(DATA TO USE Opens)

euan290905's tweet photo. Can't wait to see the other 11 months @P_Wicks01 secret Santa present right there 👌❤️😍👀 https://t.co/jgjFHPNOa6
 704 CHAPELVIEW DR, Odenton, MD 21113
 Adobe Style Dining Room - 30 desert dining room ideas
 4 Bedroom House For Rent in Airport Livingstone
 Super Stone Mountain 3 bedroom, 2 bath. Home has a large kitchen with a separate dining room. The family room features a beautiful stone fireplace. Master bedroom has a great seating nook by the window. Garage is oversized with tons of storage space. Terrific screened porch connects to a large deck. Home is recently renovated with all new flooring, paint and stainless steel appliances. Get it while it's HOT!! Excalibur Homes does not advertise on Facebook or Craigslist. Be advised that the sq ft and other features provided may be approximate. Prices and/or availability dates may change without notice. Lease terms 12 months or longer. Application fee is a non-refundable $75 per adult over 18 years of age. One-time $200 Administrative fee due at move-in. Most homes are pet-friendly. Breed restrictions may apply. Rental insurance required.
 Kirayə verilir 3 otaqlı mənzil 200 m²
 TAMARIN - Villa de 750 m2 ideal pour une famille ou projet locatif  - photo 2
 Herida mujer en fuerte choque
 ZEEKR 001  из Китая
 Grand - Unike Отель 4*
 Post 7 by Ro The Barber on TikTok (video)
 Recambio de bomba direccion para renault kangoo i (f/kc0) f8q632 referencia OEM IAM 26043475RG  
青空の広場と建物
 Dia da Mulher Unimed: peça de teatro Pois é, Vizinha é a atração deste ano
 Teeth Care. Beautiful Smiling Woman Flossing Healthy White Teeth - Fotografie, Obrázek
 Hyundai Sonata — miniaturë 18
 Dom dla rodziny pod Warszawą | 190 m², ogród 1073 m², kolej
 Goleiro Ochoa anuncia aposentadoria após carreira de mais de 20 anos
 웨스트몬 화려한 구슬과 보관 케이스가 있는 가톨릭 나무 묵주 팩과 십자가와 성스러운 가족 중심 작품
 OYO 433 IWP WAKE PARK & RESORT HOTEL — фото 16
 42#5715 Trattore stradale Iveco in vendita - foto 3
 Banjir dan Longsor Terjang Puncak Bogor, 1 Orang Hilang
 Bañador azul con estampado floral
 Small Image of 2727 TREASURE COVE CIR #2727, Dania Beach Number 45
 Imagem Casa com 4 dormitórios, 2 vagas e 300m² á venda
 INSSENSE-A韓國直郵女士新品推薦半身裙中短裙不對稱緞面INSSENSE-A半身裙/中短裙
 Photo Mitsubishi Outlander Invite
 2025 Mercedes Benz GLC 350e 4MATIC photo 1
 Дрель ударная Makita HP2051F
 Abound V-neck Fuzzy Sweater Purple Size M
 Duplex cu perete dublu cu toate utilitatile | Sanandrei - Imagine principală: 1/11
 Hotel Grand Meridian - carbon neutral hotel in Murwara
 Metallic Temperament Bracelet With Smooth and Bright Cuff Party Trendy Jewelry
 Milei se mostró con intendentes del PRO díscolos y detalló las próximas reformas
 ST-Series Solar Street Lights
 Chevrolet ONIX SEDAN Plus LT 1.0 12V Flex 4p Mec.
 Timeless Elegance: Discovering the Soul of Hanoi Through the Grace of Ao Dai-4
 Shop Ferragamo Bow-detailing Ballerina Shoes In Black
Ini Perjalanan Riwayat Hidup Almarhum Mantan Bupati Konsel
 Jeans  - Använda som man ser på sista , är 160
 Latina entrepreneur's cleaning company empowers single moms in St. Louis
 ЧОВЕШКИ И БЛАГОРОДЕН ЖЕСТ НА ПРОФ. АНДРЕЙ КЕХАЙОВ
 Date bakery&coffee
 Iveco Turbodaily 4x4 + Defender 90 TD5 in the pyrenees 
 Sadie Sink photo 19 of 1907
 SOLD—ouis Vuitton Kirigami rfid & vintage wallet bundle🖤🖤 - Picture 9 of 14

(DATA TO USE Closes)

TASK GOAL: Retype each record. Keep every character as it is.

ANSWER AREA:
euan290905's tweet photo. Can't wait to see the other 11 months @P_Wicks01 secret Santa present right there 👌❤️😍👀 https://t.co/jgjFHPNOa6
 704 CHAPELVIEW DR, Odenton, MD 21113
 Adobe Style Dining Room - 30 desert dining room ideas
 4 Bedroom House For Rent in Airport Livingstone
 Super Stone Mountain 3 bedroom, 2 bath. Home has a large kitchen with a separate dining room. The family room features a beautiful stone fireplace. Master bedroom has a great seating nook by the window. Garage is oversized with tons of storage space. Terrific screened porch connects to a large deck. Home is recently renovated with all new flooring, paint and stainless steel appliances. Get it while it's HOT!! Excalibur Homes does not advertise on Facebook or Craigslist. Be advised that the sq ft and other features provided may be approximate. Prices and/or availability dates may change without notice. Lease terms 12 months or longer. Application fee is a non-refundable $75 per adult over 18 years of age. One-time $200 Administrative fee due at move-in. Most homes are pet-friendly. Breed restrictions may apply. Rental insurance required.
 Kirayə verilir 3 otaqlı mənzil 200 m²
 TAMARIN - Villa de 750 m2 ideal pour une famille ou projet locatif  - photo 2
 Herida mujer en fuerte choque
 ZEEKR 001  из Китая
 Grand - Unike Отель 4*
 Post 7 by Ro The Barber on TikTok (video)
 Recambio de bomba direccion para renault kangoo i (f/kc0) f8q632 referencia OEM IAM 26043475RG  
青空の広場と建物
 Dia da Mulher Unimed: peça de teatro Pois é, Vizinha é a atração deste ano
 Teeth Care. Beautiful Smiling Woman Flossing Healthy White Teeth - Fotografie, Obrázek
 Hyundai Sonata — miniaturë 18
 Dom dla rodziny pod Warszawą | 190 m², ogród 1073 m², kolej
 Goleiro Ochoa anuncia aposentadoria após carreira de mais de 20 anos
 웨스트몬 화려한 구슬과 보관 케이스가 있는 가톨릭 나무 묵주 팩과 십자가와 성스러운 가족 중심 작품
 OYO 433 IWP WAKE PARK & RESORT HOTEL — фото 16
 42#5715 Trattore stradale Iveco in vendita - foto 3
 Banjir dan Longsor Terjang Puncak Bogor, 1 Orang Hilang
 Bañador azul con estampado floral
 Small Image of 2727 TREASURE COVE CIR #2727, Dania Beach Number 45
 Imagem Casa com 4 dormitórios, 2 vagas e 300m² á venda
 INSSENSE-A韓國直郵女士新品推薦半身裙中短裙不對稱緞面INSSENSE-A半身裙/中短裙
 Photo Mitsubishi Outlander Invite
 2025 Mercedes Benz GLC 350e 4MATIC photo 1
 Дрель ударная Makita HP2051F
 Abound V-neck Fuzzy Sweater Purple Size M
 Duplex cu perete dublu cu toate utilitatile | Sanandrei - Imagine principală: 1/11
 Hotel Grand Meridian - carbon neutral hotel in Murwara
 Metallic Temperament Bracelet With Smooth and Bright Cuff Party Trendy Jewelry
 Milei se mostró con intendentes del PRO díscolos y detalló las próximas reformas
 ST-Series Solar Street Lights
 Chevrolet ONIX SEDAN Plus LT 1.0 12V Flex 4p Mec.
 Timeless Elegance: Discovering the Soul of Hanoi Through the Grace of Ao Dai-4
 Shop Ferragamo Bow-detailing Ballerina Shoes In Black
Ini Perjalanan Riwayat Hidup Almarhum Mantan Bupati Konsel
 Jeans  - Använda som man ser på sista , är 160
 Latina entrepreneur's cleaning company empowers single moms in St. Louis
 ЧОВЕШКИ И БЛАГОРОДЕН ЖЕСТ НА ПРОФ. АНДРЕЙ КЕХАЙОВ
 Date bakery&coffee
 Iveco Turbodaily 4x4 + Defender 90 TD5 in the pyrenees 
 Sadie Sink photo 19 of 1907
 SOLD—ouis Vuitton Kirigami rfid & vintage wallet bundle🖤🖤 - Picture 9 of 14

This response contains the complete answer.